Got version 8.3.2 represents a minor update to the popular "got" package, a simplified HTTP request client for Node.js. Comparing it to the previous stable version, 8.3.1, reveals minimal yet significant changes that developers should be aware of. Both versions share the same core dependencies, like pify for promise conversion, isurl for URL validation, and cacheable-request for intelligent caching. The development dependencies also remain identical, indicating a consistent testing and linting setup with tools like xo, ava, and nyc.
The crucial difference lies in the dist object. Version 8.3.2 has a slightly larger unpackedSize of 42097 bytes, compared to 42079 bytes in version 8.3.1. While seemingly small, this suggests subtle internal modifications or bug fixes included in the newer release. The releaseDate confirms this as a more recent build, indicating a timely reaction to address any potential issues identified in the previous version or introduce incremental improvements. For developers using "got," upgrading to 8.3.2 is generally advisable to benefit from the latest enhancements and bug fixes, ensuring a more stable and reliable HTTP client experience. While there are no explicitly labeled new features, the update emphasizes the ongoing maintenance and refinement by the maintainers, crucial for the longevity and trustworthiness of the package.

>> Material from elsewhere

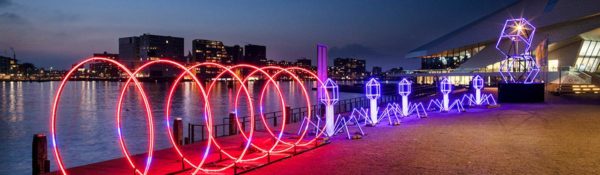 Neon tubes of lights brighten amsterdam's river during its annual december light festival.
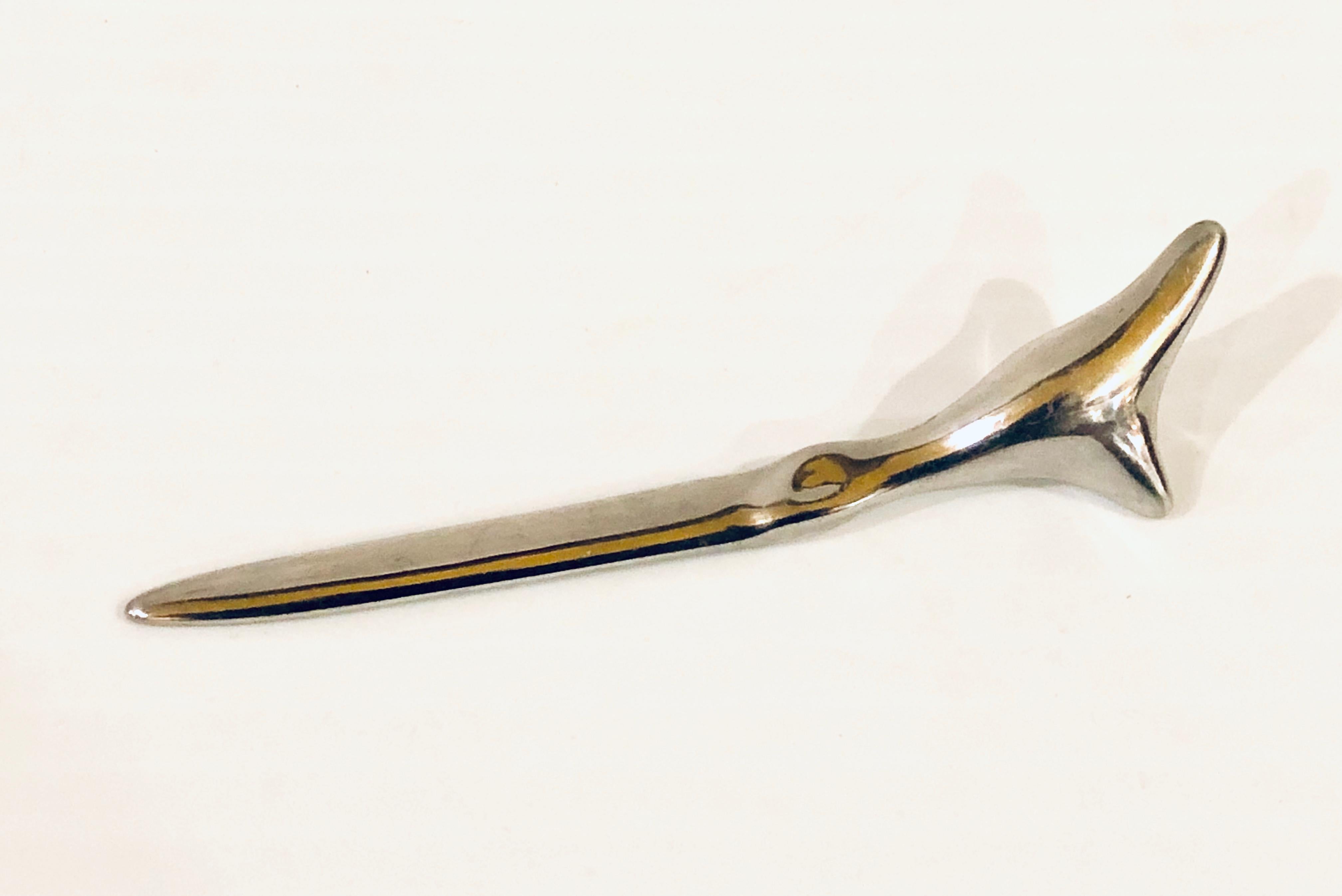 Polished aluminum letter opener seal sculpture by Hosleton signed, and numbered made in Canada circa 1970s.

All the vulnerabilities related to the version 8.3.2 of the package
Got allows a redirect to a UNIX socket
The got package before 11.8.5 and 12.1.0 for Node.js allows a redirect to a UNIX socket.
http-cache-semantics vulnerable to Regular Expression Denial of Service
http-cache semantics contains an Inefficient Regular Expression Complexity , leading to Denial of Service. This affects versions of the package http-cache-semantics before 4.1.1. The issue can be exploited via malicious request header values sent to a server, when that server reads the cache policy from the request using this library.